Et si Ottawa dit non merci ? François Legault retranchera-t-il vraiment 10 000 immigrants dans la seule catégorie de l’immigration économique — soit près du tiers du contingent ?

À cela, M. Legault a répondu qu’il « n’a pas encore fait » le décompte précis, « parce qu’on a besoin d’une négociation avec Ottawa ». Plus tard, son équipe a envoyé un courriel aux médias en disant qu’« idéalement, la diminution de 10 000 immigrants se ferait en gardant les mêmes proportions qu’actuellement entre les trois catégories ».

M. Legault estime que la diminution des seuils d’immigration est nécessaire parce que le Québec aurait « dépassé sa capacité d’intégration ». Il répète comme un mantra que « 26 % des [quelque] 50 000 immigrants quittent le Québec. On en perd 13 000. Et ceux qui restent ont un taux de chômage de 15 %. » Il rappelle aussi régulièrement que 59 % des immigrants qui sont arrivés l’an dernier ne parlaient pas français, « et qu’une majorité d’entre eux ne prendront jamais de cours ».

La réponse de Couillard
Pour Philippe Couillard, la CAQ s’est complètement discréditée en promettant de donner un coup de frein à l’immigration économique, a fait valoir le chef du Parti libéral du Québec, Philippe Couillard. « Pour cette seule raison […] la CAQ ne devrait pas être autorisée par la population à former le gouvernement », a-t-il déclaré en marge d’une annonce à Sherbrooke.

La CAQ commettrait une « erreur massive » en resserrant de quelque 10 000 personnes le nombre d’immigrants admis annuellement au Québec, et ce, à compter de 2019. « Promenez-vous partout au Québec […] quel est le problème économique le plus important au Québec actuellement ? Je ne l’invente pas. Tout le monde nous le dit : la pénurie de main-d’œuvre qualifiée et moins qualifiée, partout, partout, partout ! L’immigration fait partie des solutions », a-t-il soutenu.
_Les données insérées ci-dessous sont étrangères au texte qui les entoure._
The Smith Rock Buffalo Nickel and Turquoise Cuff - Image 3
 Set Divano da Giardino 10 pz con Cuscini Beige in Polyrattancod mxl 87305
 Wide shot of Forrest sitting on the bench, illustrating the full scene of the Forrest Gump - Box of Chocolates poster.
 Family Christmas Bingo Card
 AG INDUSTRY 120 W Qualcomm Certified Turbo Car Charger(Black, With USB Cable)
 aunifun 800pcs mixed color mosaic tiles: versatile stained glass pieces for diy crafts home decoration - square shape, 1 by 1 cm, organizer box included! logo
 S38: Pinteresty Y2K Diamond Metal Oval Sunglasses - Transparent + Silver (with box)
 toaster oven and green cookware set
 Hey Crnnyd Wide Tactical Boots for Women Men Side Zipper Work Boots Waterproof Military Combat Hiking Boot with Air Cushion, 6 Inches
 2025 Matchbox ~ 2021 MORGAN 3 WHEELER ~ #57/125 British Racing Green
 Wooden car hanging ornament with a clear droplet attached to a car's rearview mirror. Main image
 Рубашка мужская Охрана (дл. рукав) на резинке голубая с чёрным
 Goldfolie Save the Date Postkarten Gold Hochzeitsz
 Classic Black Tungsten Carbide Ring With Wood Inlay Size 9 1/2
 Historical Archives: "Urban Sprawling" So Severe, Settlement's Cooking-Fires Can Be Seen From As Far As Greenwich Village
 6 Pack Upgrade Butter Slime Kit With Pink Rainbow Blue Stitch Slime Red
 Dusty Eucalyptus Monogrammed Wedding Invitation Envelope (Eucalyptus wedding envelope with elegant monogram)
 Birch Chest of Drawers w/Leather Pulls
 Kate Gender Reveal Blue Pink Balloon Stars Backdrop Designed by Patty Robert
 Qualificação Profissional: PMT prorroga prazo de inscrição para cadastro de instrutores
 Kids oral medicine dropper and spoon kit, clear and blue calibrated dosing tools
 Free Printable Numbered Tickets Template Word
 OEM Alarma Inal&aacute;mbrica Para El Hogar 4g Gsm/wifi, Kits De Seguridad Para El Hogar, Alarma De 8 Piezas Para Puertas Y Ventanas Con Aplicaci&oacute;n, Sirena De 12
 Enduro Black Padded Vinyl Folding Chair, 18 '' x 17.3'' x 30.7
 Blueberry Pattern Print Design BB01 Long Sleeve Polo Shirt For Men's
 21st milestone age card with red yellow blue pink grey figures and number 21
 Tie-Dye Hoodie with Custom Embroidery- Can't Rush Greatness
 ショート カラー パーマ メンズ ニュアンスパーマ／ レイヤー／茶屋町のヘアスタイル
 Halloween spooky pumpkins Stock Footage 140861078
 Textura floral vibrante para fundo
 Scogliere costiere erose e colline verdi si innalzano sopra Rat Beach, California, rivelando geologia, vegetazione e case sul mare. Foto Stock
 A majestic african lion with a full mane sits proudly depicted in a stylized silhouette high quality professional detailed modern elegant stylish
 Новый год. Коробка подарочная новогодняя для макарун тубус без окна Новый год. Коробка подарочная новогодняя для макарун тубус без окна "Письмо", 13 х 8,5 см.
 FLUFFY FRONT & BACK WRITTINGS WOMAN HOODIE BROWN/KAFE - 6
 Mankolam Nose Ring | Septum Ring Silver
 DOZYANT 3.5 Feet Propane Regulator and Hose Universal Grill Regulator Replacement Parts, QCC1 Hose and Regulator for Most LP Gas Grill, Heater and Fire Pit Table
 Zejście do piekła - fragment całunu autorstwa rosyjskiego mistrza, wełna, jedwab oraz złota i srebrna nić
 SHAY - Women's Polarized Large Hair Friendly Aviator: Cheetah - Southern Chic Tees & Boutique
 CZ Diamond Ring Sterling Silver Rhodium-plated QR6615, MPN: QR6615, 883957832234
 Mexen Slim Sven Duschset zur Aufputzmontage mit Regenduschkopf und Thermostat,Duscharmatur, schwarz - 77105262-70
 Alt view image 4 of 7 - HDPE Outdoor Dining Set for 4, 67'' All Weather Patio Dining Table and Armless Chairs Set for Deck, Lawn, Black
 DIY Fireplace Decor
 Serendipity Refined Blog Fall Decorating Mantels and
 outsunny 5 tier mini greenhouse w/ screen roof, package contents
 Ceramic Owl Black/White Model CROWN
M. Couillard refuse de spéculer sur le nombre d’immigrants nécessaire au cours des prochaines années pour pallier la pénurie de main-d’œuvre, qu’il décrit comme « le principal défi économique du Québec ». Il s’est abstenu d’avancer un chiffre, même approximatif. « Ça pourrait être le même nombre, si on pense qu’on a besoin d’un an de plus, par exemple, pour bien stabiliser nos besoins et voir l’impact que ça a sur le terrain.

En tout cas, il ne faut pas diminuer, ça je peux vous le dire ! » s’est-il contenté de dire à la presse.

Chose certaine, le gouvernement intensifiera les mesures d’intégration et de francisation des nouveaux arrivants si le prochain ministre de l’Immigration propose de tirer vers le haut les seuils d’immigration avec l’accord l’Assemblée nationale, a insisté le premier ministre.

Philippe Couillard presse le gouvernement fédéral de corriger au plus vite les lacunes du Programme des travailleurs étrangers temporaires – ou de le transférer au Québec. « Ce programme-là doit être amélioré considérablement. Et s'il ne s'estime pas capable de le faire, ben, on va le faire nous-mêmes », a-t-il averti jeudi.
 

Le chef du Parti libéral du Québec a déploré les conditions que doivent remplir les propriétaires de petites entreprises  — la boulangère qu'il a croisée sur la rue Saint-Jean à Québec, samedi dernier, par exemple — pour embaucher un travailleur étranger temporaire. « Il faudrait qu'elle [la boulangère] fasse elle-même une étude d'impact pancanadienne et qu'elle dépose 2000 dollars sans savoir d'avance le résultat de sa démarche. Il n'y a pas un petit entrepreneur qui va faire ça », a fait valoir M. Couillard. « Qu'il nous transfère le programme, on va le faire », a-t-il poursuivi.